But I digress. Some respondents, including many colleagues of mine, tried the wipedown recently and the general consensus was that it was “underwhelming”. Of course it’s underwhelming, you’re literally wiping your body with your hands for two seconds. What else did you think would happen?
I never promised – and I would never promise – anything but the tiniest improvement in towel and bath mat dryness as a result of the wipedown. But isn’t that enough? Every drop of water you wipe off your body is one less drop that is absorbed by your towel or your mat. It means drier towels, faster dry times, and a drier body. It also means a slightly nicer mat experience for the person showering after you.

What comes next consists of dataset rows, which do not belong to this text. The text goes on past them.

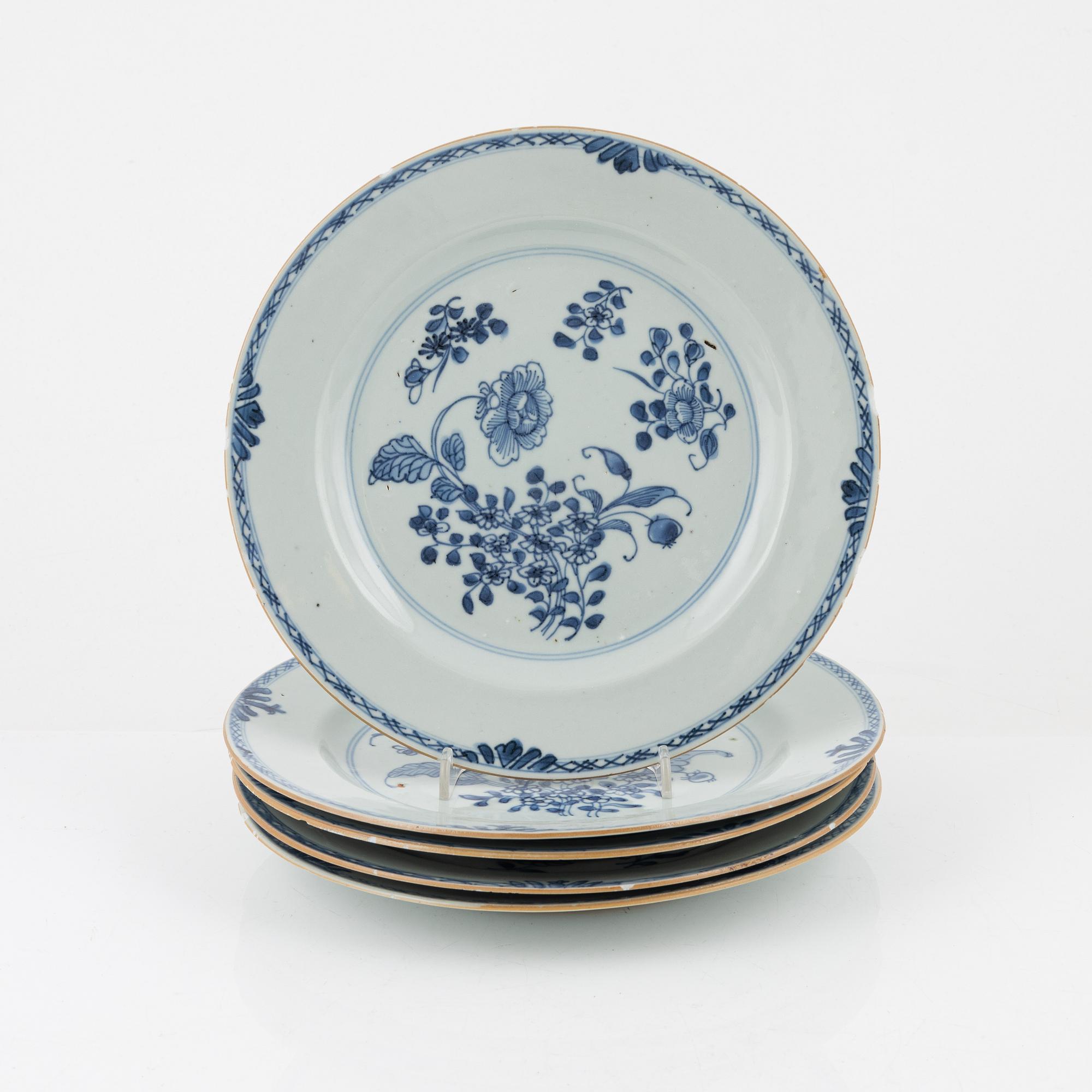 A set of five blue and white dinner plates, Qing dynasty, Qianlong (1736-95).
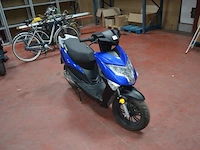 Elektrische scooter nipponia ch.nr. sb7d1f172l5000340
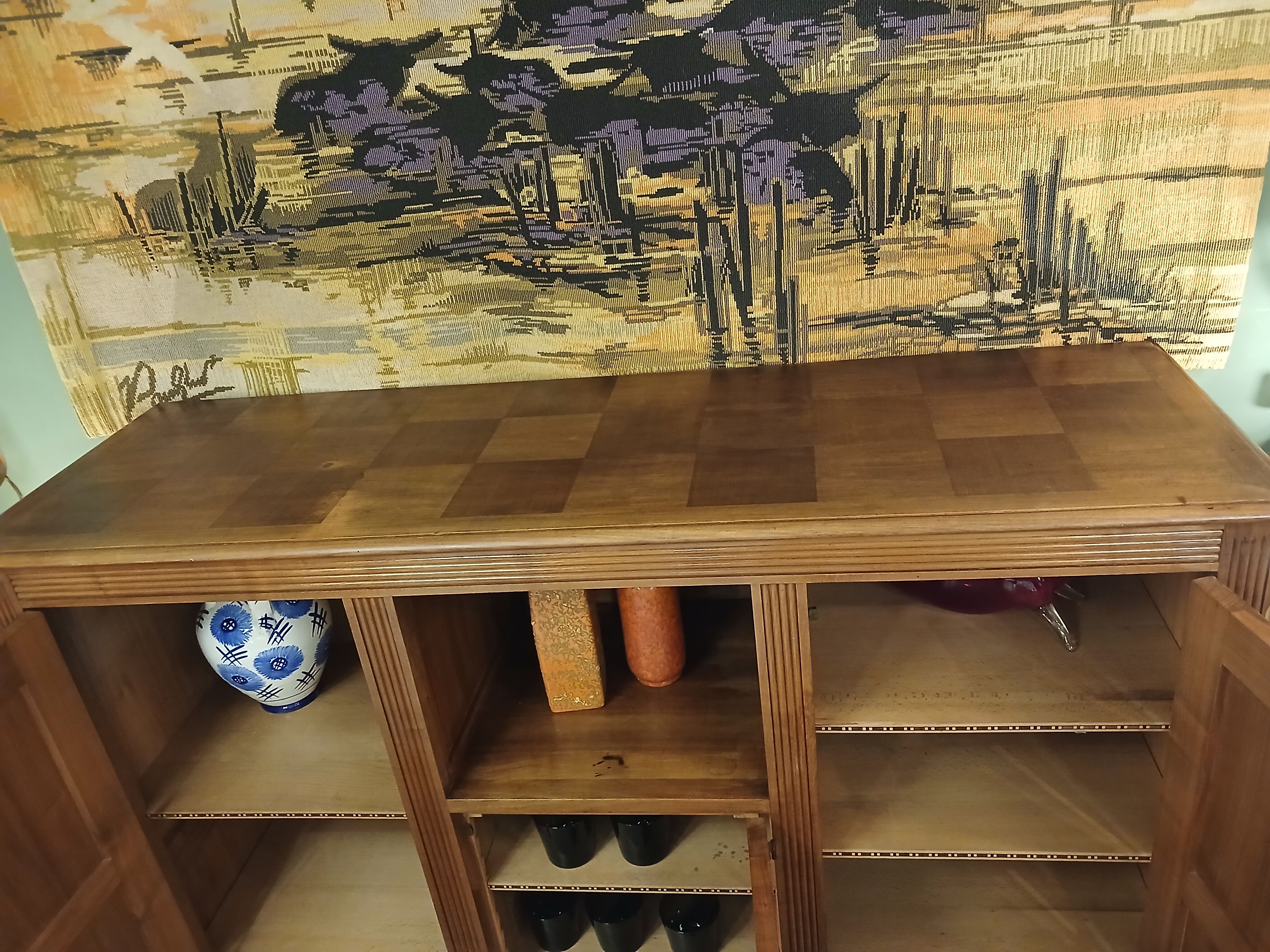 Buffet de style brutaliste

It may be barely noticeable but it’s an improvement.
For 16 years of my life I did not do the wipedown. It never once occurred to me to do it until someone (I don’t remember who) mentioned it and I tried it out. Since then, I can’t not do it. To not do it would feel the same as walking into a building out of the rain and not wiping my shoes on the doormat. Or washing my hands in public and not shaking them a few times before placing them under the dryer. None of these things magically dry anything, but they naturally help a little.
We’re approaching the end of January, which means there are a lot of people reaching the end of their motivation in regards to their lofty new year resolutions. Resolutions are the big tricks, the ones we want to master because they’ll improve our lives by 30, 40, 50%. But they’re also hard to do, and take time, money, perseverance. There are so many life hacks that really do change your life, and most of them I don’t even attempt to do. But the wipedown I can manage. Something easy and small that improves, ever so slightly, an otherwise mundane daily task. There are thousands of tricks like the wipedown that, alone, will change your life as much as a single grain of sand changes a beach. But it all adds up.
Not everything has to transform your life. Wiping your body down with your hands before you step out of the shower certainly won’t, but it will improve it just a little. And isn’t that the point of all this?